Part 1: Making the Case for Social and Emotional Learning Assessment
This is the first in a four-part series on social and emotional learning (SEL) assessment by Center associate Chris Brandt and guest author Katie Buckley, Managing Director of Research & Learning at Transforming Education. Across four posts they make the argument that balanced systems of assessment must effectively support SEL and offer recommendations for how states, districts, and schools can and should support SEL in responsible and useful ways through assessment.

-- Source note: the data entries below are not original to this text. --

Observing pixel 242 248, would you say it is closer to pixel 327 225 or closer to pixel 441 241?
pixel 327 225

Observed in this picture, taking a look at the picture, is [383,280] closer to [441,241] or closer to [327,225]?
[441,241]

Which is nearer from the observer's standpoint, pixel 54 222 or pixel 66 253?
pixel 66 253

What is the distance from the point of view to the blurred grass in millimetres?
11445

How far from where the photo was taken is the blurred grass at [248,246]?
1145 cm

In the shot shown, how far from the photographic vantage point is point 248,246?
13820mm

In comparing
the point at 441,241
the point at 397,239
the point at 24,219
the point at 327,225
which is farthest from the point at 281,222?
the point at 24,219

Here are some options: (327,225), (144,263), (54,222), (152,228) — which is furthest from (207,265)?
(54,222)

Several months ago, my colleagues Carla Evans, Jeri Thompson, and I partnered with PBLWorks to develop a series of papers focused on 21st Century learning. Also called deeper learning, 21st Century learning represents skills such as problem solving, collaboration, self-direction, creativity, critical thinking, and complex communication that can be universally applied to enhance ways of learning, working and living in the world. My first assignment for PBLWorks was to write about self-directed learning: What is it, why should we care, and how should educators integrate self-directed learning into their instruction and assessment? What started as a straightforward task resulted in important life lessons; lessons powerful enough to change my views about what and how schools should be teaching tomorrow’s leaders.
In this post, I use those lessons to build a case for integrating and prioritizing social and emotional learning (SEL) in schools. In future posts, I team up with my colleague, Katie Buckley, from Transforming Education, to discuss the implications for SEL assessment in states, districts, schools, and classrooms.

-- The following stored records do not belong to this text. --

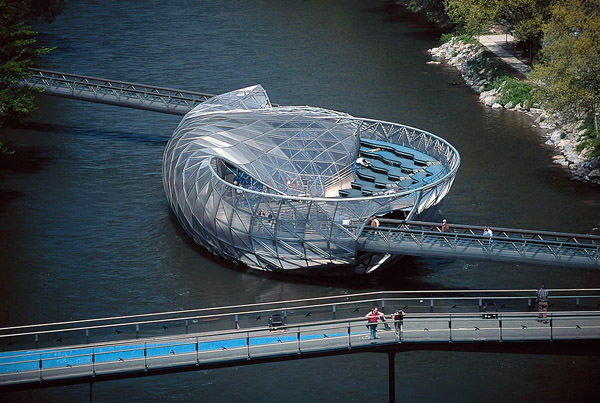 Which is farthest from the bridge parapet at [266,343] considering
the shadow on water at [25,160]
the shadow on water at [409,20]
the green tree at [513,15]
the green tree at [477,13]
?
the shadow on water at [409,20]

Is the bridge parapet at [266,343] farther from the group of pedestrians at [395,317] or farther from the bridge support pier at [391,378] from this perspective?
the bridge support pier at [391,378]

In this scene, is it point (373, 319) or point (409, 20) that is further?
point (409, 20)

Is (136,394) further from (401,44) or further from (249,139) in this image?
(401,44)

What is a Self-Directed Learner?
Self-directed learners are self-regulated and highly motivated individuals who act independently and take responsibility for their actions. They choose the what, why, how, and where of their learning. In a previous blog and literature review, I provided a more detailed definition of self-directed learning and discussed implications for instruction and assessment. The research reveals four dimensions of self-directed learning:
- Self-Regulation is the ability to plan, direct, and control one’s emotions, thoughts, and behaviors during a learning task.
- Motivation is the desire to engage in an activity that emerges from the inherent enjoyment of an activity or a sense of obligation to engage in a task. Growth mindset is a major factor influencing motivation: believing that intelligence, personality, and abilities are flexible and dynamic, shaped by experience, and changing over the lifespan (Dweck, 2006).
- Personal Responsibility (also called responsibility, initiative, and ownership) is a willingness to take full responsibility for one’s actions.
- Autonomy is the ability to recognize available choices and take charge of one’s learning, and to control choices through ongoing reflection and evaluation.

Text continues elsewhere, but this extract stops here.